| GIVEN DATA |
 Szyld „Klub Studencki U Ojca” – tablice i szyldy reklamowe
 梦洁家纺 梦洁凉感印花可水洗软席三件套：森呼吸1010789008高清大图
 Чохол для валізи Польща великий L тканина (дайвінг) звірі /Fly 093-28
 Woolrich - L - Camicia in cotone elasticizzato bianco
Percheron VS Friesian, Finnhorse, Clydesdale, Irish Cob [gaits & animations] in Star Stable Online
--
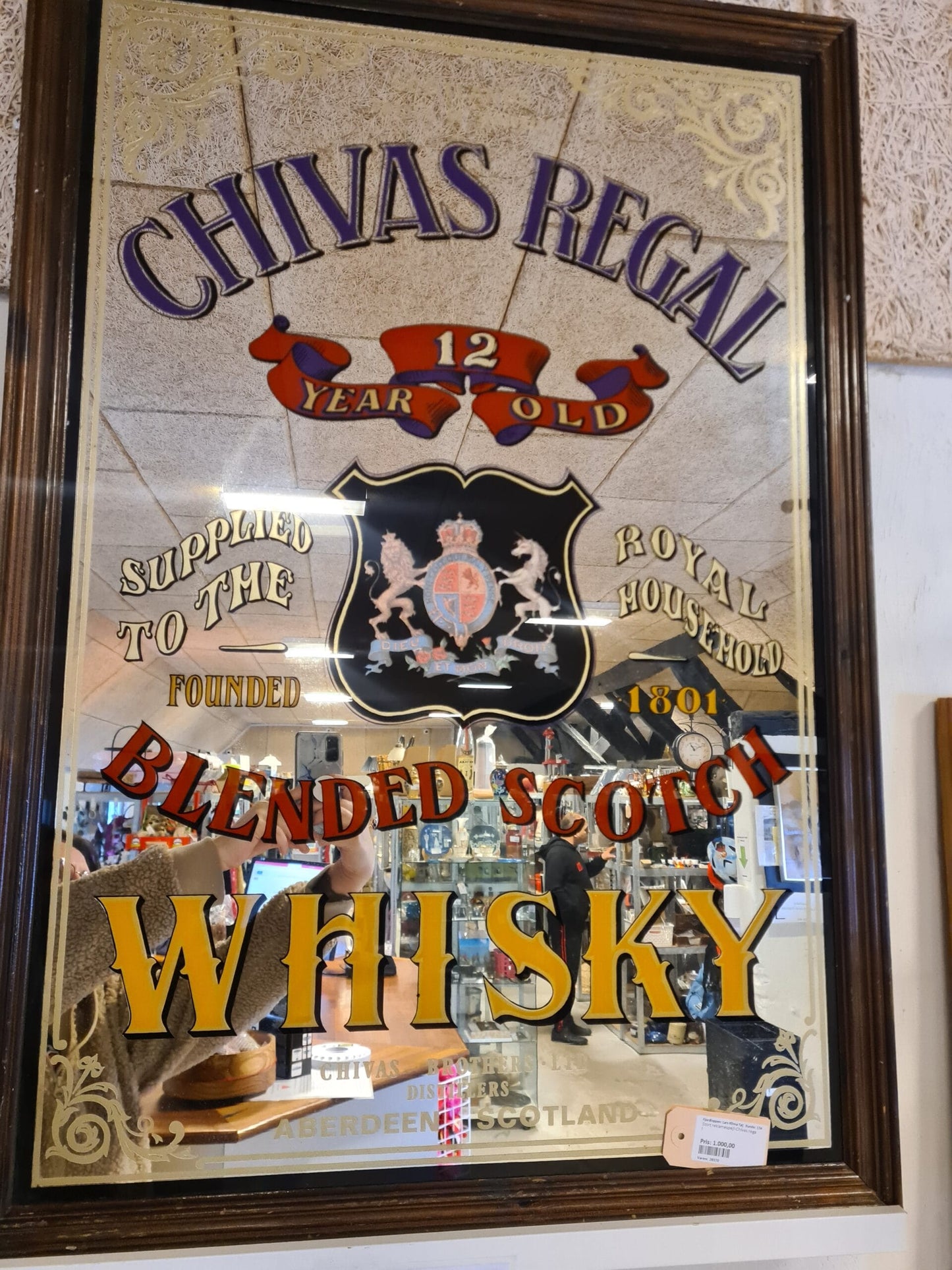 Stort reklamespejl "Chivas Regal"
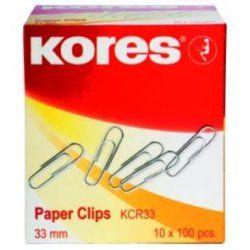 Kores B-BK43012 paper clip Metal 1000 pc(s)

| TASK PROMPT |
Take the stretch of lines above from the one containing "Woolrich - L" through the one containing "Percheron VS Friesian, Finnhorse, Clydesdale, Irish" and repeat it exactly, adding no other line.

| EXERCISE OUTPUT |
 Woolrich - L - Camicia in cotone elasticizzato bianco
Percheron VS Friesian, Finnhorse, Clydesdale, Irish Cob [gaits & animations] in Star Stable Online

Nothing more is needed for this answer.